Niedrige Coronazahlen in Berlins Osten: Geteilt entlang der alten Mauer
Ganz Berlin ist längst Risikogebiet, die Infektionszahlen sind in den Ost-Bezirken aber viel niedriger als im Westen. Im Alltag trifft es alle gleich.
Woran liegt das? An der Altersstruktur kann es kaum liegen, sonst wären nicht im westlichen Rentnerbezirk Steglitz-Zehlendorf (52,9) im Verhältnis zur Einwohnerzahl mehr als doppelt so viele Menschen infiziert wie in Marzahn-Hellersdorf, dem Rentnerbezirk am anderen Stadtende. Auch die Wohnverhältnisse erklären das kaum, denn die sind in Steglitz-Zehlendorf weniger beengt als im Plattenbaubezirk im Osten. Auf der Facebookseite des Bezirksbürgermeisters von Treptow-Köpenick, Oliver Igel (SPD), wird darüber seit Dienstag debattiert. „Weil wir disziplinierter sind“, versucht jemand sich an einer Erklärung.
Waschen sich Ossis tatsächlich öfter die Hände und tragen sie öfter Mund-Nasen-Schutz? Andere Unser erklären das mit der Impfpflicht in der DDR und der geringeren Zahl der Impfgegner heute im Osten. Führen die Impfungen dazu, dass man auch gegenüber neuen Krankheiten etwas mehr Immunität hat?
Durch die Medien schwirren Erklärungen
Eine weitere Erklärung in den sozialen Medien: Es handelt sich nicht um ein Berlin-Spezifikum, sondern um ein Ost-West-Gefälle: Der Osten ist weniger industrialisiert, es werden weniger türkische Hochzeiten gefeiert und kaum Karneval, man präferiert andere Urlaubsländer. Und da die Ostberliner historisch bedingt eher familiäre Kontakte in die neuen Bundesländer haben, stecken sie sich weniger an.

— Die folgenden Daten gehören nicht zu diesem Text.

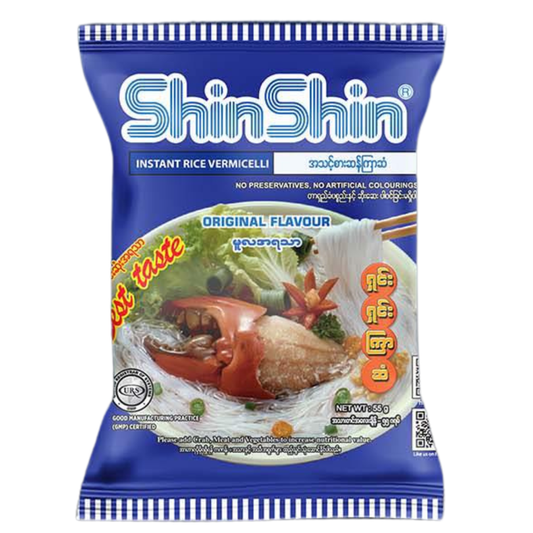 ရှင်းရှင်း ကြာဇံပြာ | YumYum Shin Shin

Die drei Ostbezirke mit den wenigsten Infektionen sind allerdings auch die Bezirke mit der geringsten Arztdichte, in denen derzeit sogar Amtsärzte fehlen. Sind die geringen Zahlen darum vielleicht nur ein Meldefehler? Doch auch Neukölln hat zu wenig Ärzte. Der dortige Gesundheitsstadtrat Falko Liecke (CDU) erklärt das Ost-West-Gefälle in der B.Z. mit dem niedrigeren Migrantenanteil im Osten. Der Weisheit letzter Schluss erscheint das alles noch nicht.

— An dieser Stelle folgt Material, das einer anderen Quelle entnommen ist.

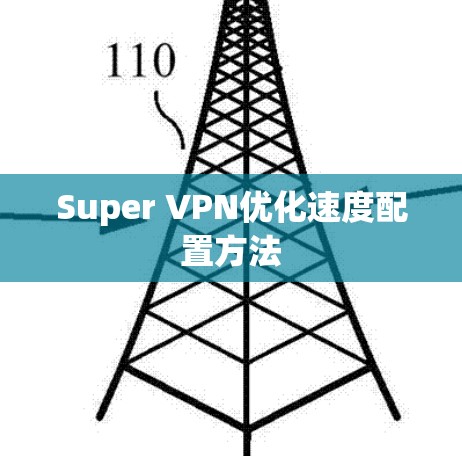 Super VPN优化速度配置方法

Wäre Berlin weiterhin geteilt und nicht eine Stadt, dürfte ich als Lichtenbergerin im Spreewald und an der Ostseeküste übernachten. Allerdings könnte ich mit Mauer nicht über den Ku’damm laufen. Das wäre auch blöd. Und ich könnte nicht für diese Zeitung schreiben. Noch blöder.